# What is needed
Every picture stays out; everything else in the listing below is to be returned exactly.
____
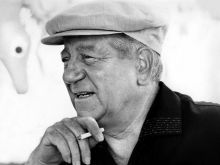 Jean Gabin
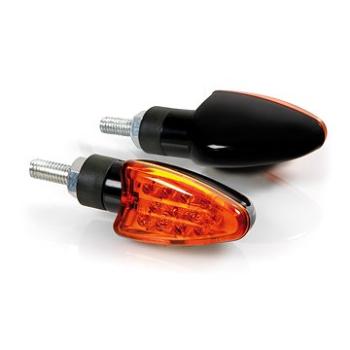 LAMPA smerovka LED ARROW (LAM90091)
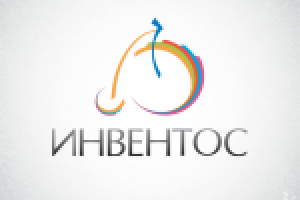 Работа 1455081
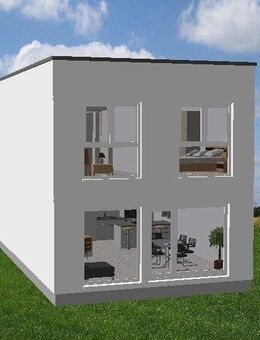 Endlich ankommen - Ihr neues Reihenmittelhaus erwartet Sie! - Winterbach (Baden-Württemberg)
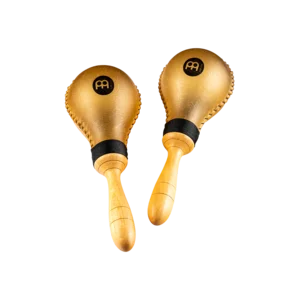 MSM2 - Meinl Percussion - The Modern Percussion Brand - Meinl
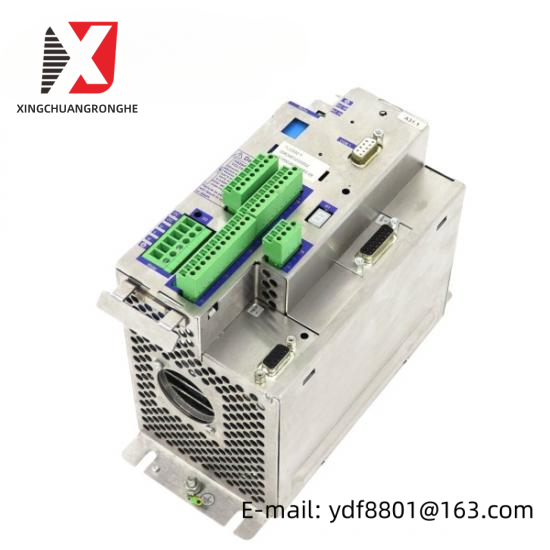 fanuc_tlc532f_ge_berger-lahr.png GE HE693THM884N - Advanced Industrial Control Module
____
# Output for this task
 Jean Gabin
 LAMPA smerovka LED ARROW (LAM90091)
 Работа 1455081
 Endlich ankommen - Ihr neues Reihenmittelhaus erwartet Sie! - Winterbach (Baden-Württemberg)
 MSM2 - Meinl Percussion - The Modern Percussion Brand - Meinl
 fanuc_tlc532f_ge_berger-lahr.png GE HE693THM884N - Advanced Industrial Control Module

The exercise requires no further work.